● **Work request**: Output exactly the lines below, starting with the line that has "Rachel Gingham Midi Skirt + Top Set" and going on through the line that has "Support de vélo", both included, and no other lines.

● **Dataset records**:
****

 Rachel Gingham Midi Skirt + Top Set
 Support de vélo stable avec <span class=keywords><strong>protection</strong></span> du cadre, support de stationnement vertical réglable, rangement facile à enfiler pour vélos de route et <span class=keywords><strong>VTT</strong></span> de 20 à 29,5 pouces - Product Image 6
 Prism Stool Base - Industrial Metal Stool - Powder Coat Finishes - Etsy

****

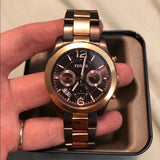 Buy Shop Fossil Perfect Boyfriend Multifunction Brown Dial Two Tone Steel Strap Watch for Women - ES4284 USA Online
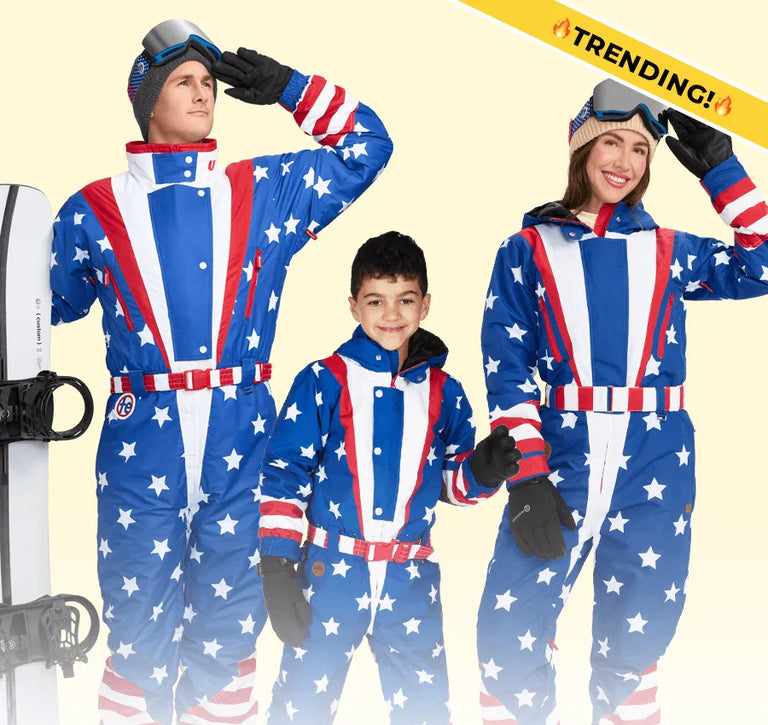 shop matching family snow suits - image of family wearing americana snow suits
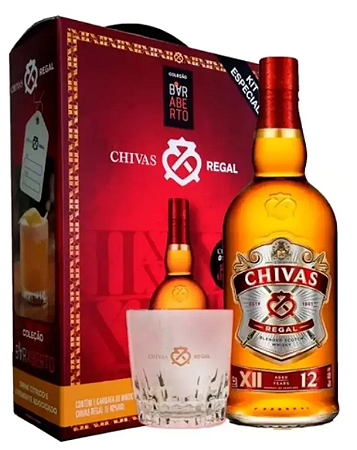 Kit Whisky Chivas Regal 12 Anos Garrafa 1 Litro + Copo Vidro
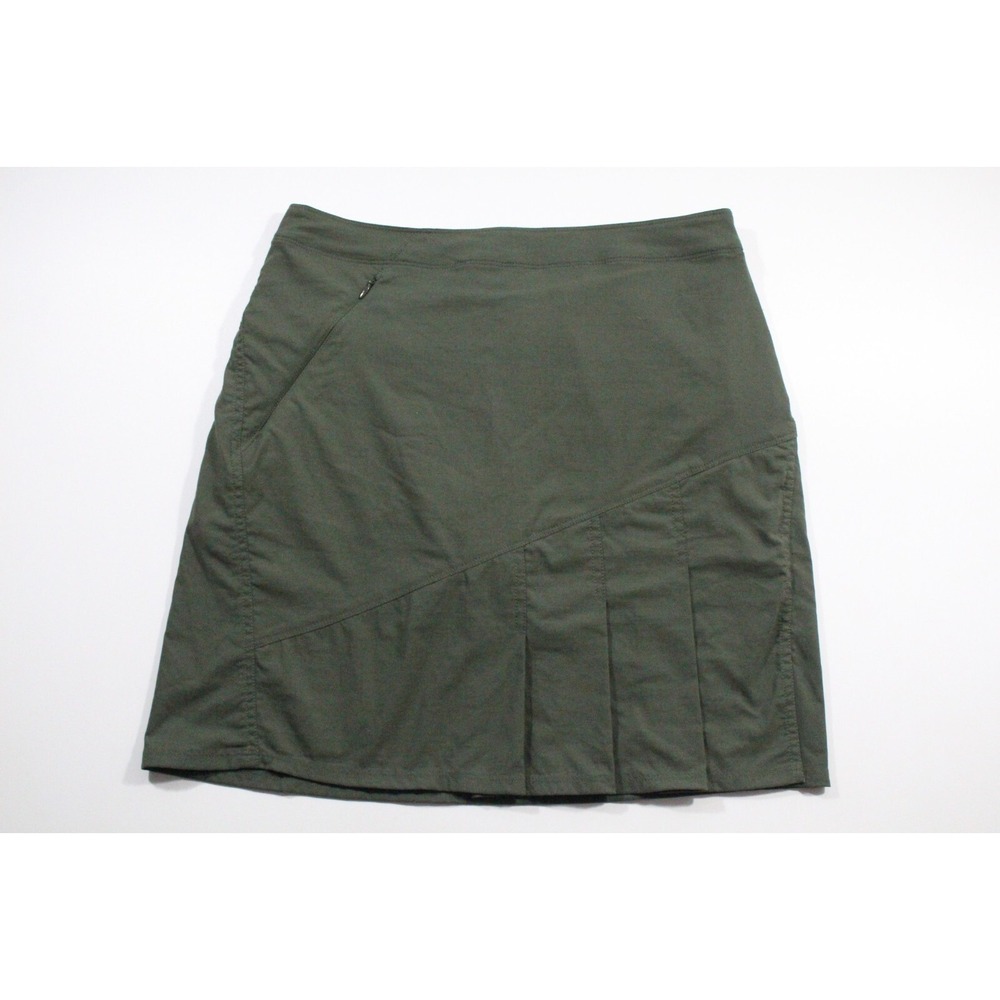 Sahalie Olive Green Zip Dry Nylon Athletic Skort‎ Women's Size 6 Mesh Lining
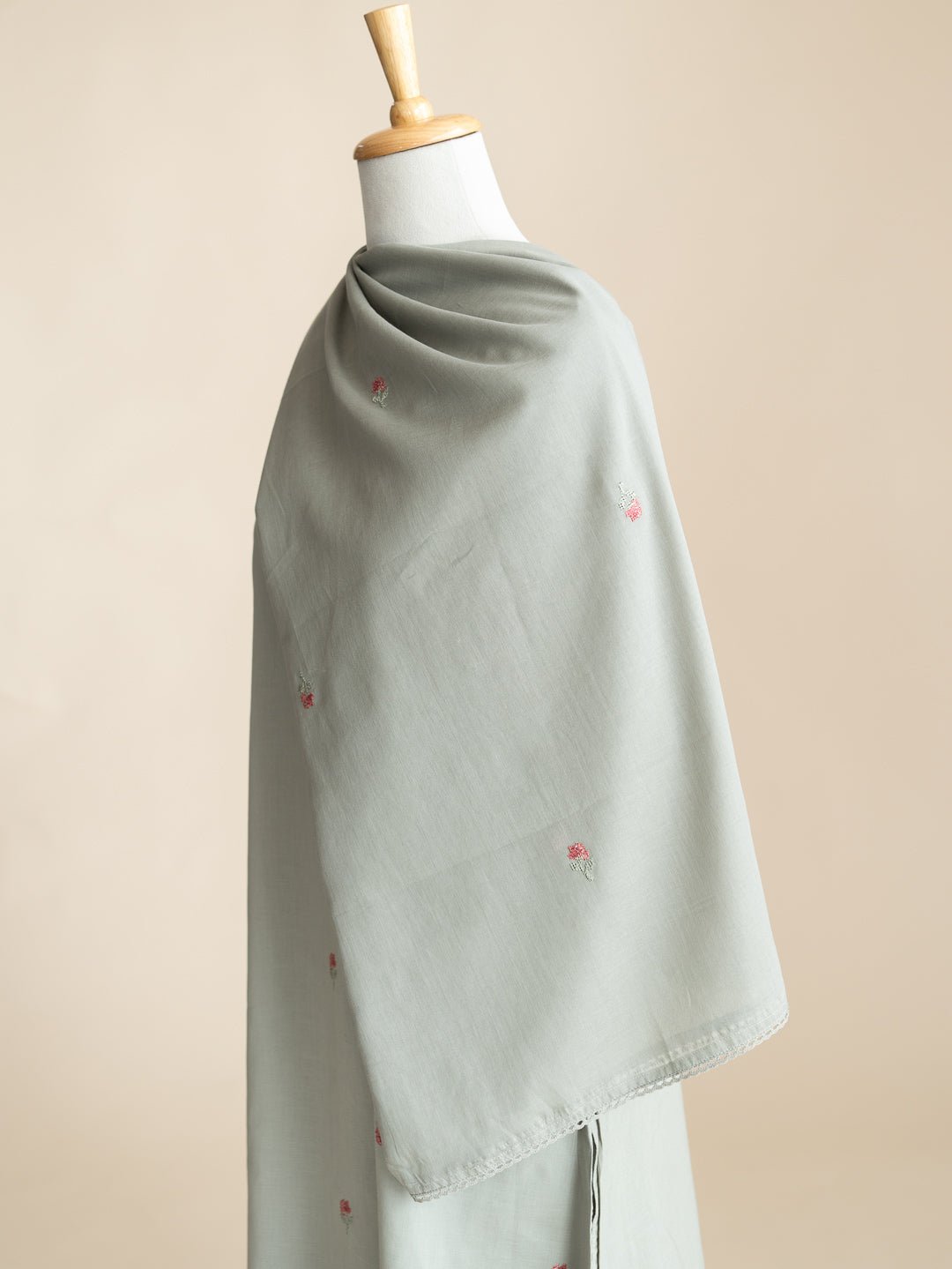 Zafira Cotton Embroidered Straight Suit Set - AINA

****

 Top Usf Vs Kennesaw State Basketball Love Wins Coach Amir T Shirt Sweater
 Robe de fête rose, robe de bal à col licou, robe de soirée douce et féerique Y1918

****

● **Reply to the exercise**:
 Rachel Gingham Midi Skirt + Top Set
 Support de vélo stable avec <span class=keywords><strong>protection</strong></span> du cadre, support de stationnement vertical réglable, rangement facile à enfiler pour vélos de route et <span class=keywords><strong>VTT</strong></span> de 20 à 29,5 pouces - Product Image 6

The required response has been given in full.